Bernal was unable to find Dorothy a permanent job at Cambridge. So when Somerville College offered her a fellowship in 1934 she returned to Oxford, successfully completing her Cambridge PhD under Bernal’s supervision in 1936. Encouraged by the professor of organic chemistry, Sir Robert Robinson (see Chemistry World , April 2010, p54), she continued applying x-ray analysis to numerous organic compounds, using a new interpretative method involving Fourier transforms which provided more details of their molecular structures.

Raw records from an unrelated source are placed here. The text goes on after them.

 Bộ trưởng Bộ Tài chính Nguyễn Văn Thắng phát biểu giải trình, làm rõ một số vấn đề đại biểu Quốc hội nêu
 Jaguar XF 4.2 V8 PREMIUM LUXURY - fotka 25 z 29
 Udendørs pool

Fourier analysis is a mathematical technique for converting a complicated periodic function into several simpler ones. During the 1920s crystallographers used it to relate the regular patterns of spots on an x-ray diffraction photograph to the molecular structure which generated them. Unfortunately, some terms in the Fourier series could not be deduced from diffraction patterns, and had to be estimated by indirect means. Structures based on chemical intuition were tested by prolonged number crunching, which sometimes gave approximate answers capable of further refinement, and sometimes didn’t.

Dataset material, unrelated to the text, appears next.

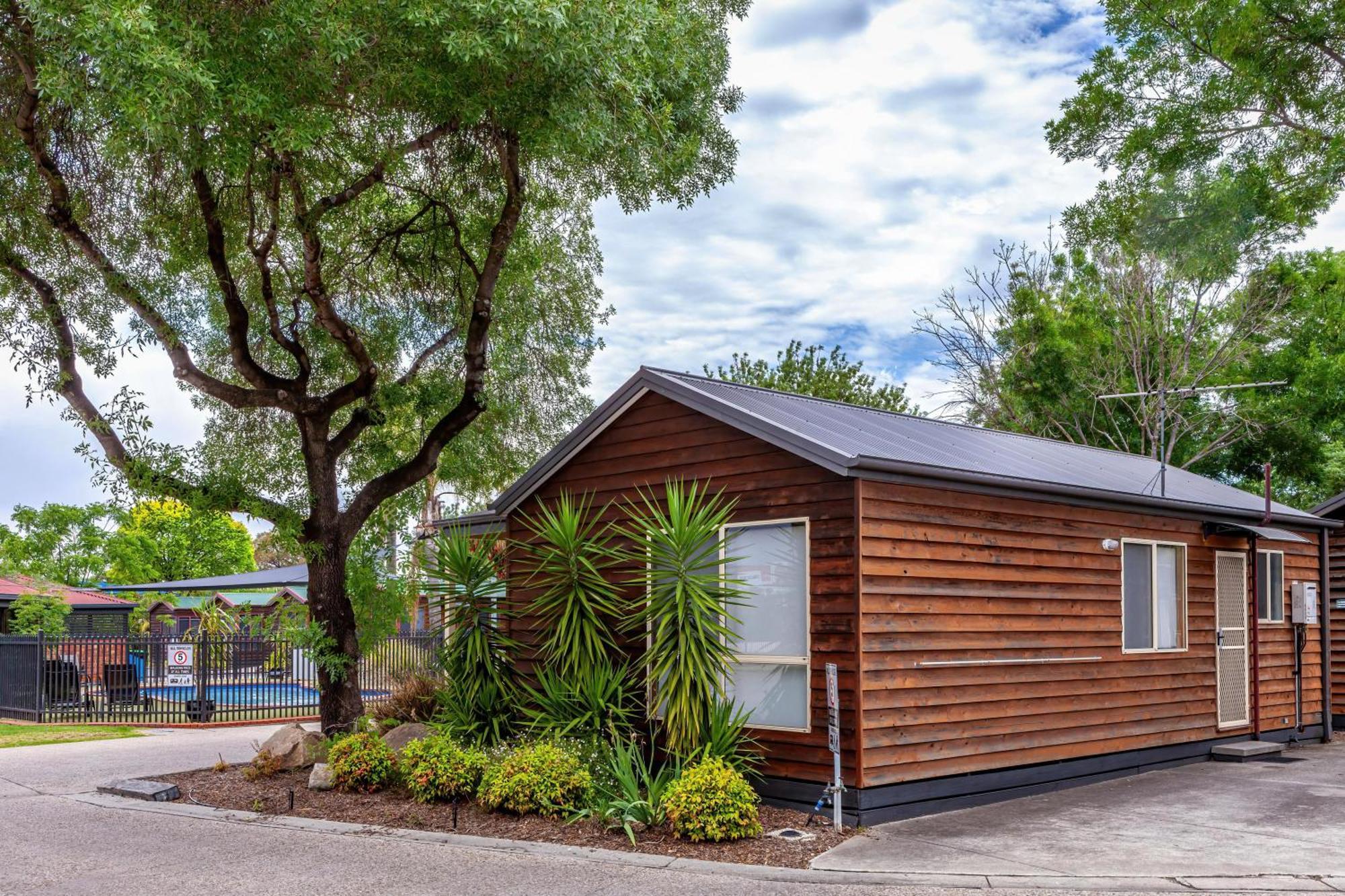 Отель Big4 Albury Tourist Park Экстерьер фото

In 1934, a sophisticated form of Fourier analysis was developed by Arthur Lindo Patterson, a New Zealand-born crystallographer working at Massachusetts Institute of Technology in the US. It enabled him to calculate electron density maps for some organic molecules, and infer molecular structures from them. He showed that if a heavy atom could be substituted into the molecule without disrupting it, then the position of that atom could usually be established with confidence. This made it easier to confirm or reject possible molecular structures.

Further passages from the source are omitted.